We had to hand dig a 6' deep sewer to get a cable back a few months ago. My most experienced man was on the machine when it happened. Sometimes crap happens. 

Find it, dig it, move on.


----------



## AssTyme (May 15, 2010)

plbgbiz said:


> We had to hand dig a 6' deep sewer to get a cable back a few months ago. My most experienced man was on the machine when it happened. Sometimes crap happens.
> 
> Find it, dig it, move on.





The last 2 times I got my 300 stuck I got it out with my drill & Eel cable 


Sweatin' bullets all the way............ :001_unsure:


----------



## Gettinit (May 9, 2012)

AssTyme said:


> The last 2 times I got my 300 stuck I got it out with my drill & Eel cable
> 
> 
> Sweatin' bullets all the way............ :001_unsure:


If I tried that I would be digging up two cables knotted together.


----------



## Drumma Plumma (Jun 5, 2012)

Nope, I've gotten my k1500 unstuck with my speedrooter and visa versa. Not when the cable is flipped though, just when it is stuck in a massive root ball


----------



## dclarke (Dec 22, 2012)

i havent done a whole lotta snaking so i havent gotten anything stuck yet *cross fingers* but when i first started plumbing and knew absolutely nothing me and another guy had to help get a guy unstuck. i pulled on the cable hard enough i broke off part of the cutter head. oops


----------



## victoryplbaz (May 19, 2012)

Anyone remember the k-6800?? Back when i was starting out we had one.

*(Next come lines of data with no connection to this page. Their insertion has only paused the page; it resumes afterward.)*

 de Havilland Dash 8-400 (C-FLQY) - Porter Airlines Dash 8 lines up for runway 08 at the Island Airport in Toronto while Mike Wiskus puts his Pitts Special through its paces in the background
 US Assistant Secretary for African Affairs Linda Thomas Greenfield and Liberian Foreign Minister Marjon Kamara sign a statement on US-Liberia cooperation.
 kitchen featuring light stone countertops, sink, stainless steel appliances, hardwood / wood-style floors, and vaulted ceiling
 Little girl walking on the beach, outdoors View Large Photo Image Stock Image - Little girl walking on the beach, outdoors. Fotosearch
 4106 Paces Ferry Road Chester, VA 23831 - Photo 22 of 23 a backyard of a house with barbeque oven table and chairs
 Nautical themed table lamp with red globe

The motor burned up and we put a 1hp motor on it..It was scary!!!


----------



## phishfood (Nov 18, 2012)

How many cables did you snap with that thing?


----------



## victoryplbaz (May 19, 2012)

phishfood said:


> How many cables did you snap with that thing?


 
3... and i was holding on to one when it snapped. Couldnt move my hand for a hour.


----------



## MACPLUMB777 (Jun 18, 2008)

My Dad ran a GO68hd and got it stuck in a supermarket main line
that he had ran many times before,
I ran my 300, 5/8" cable no head in 2nd c/o and was able to pull both out
without getting twisted up :thumbup:


----------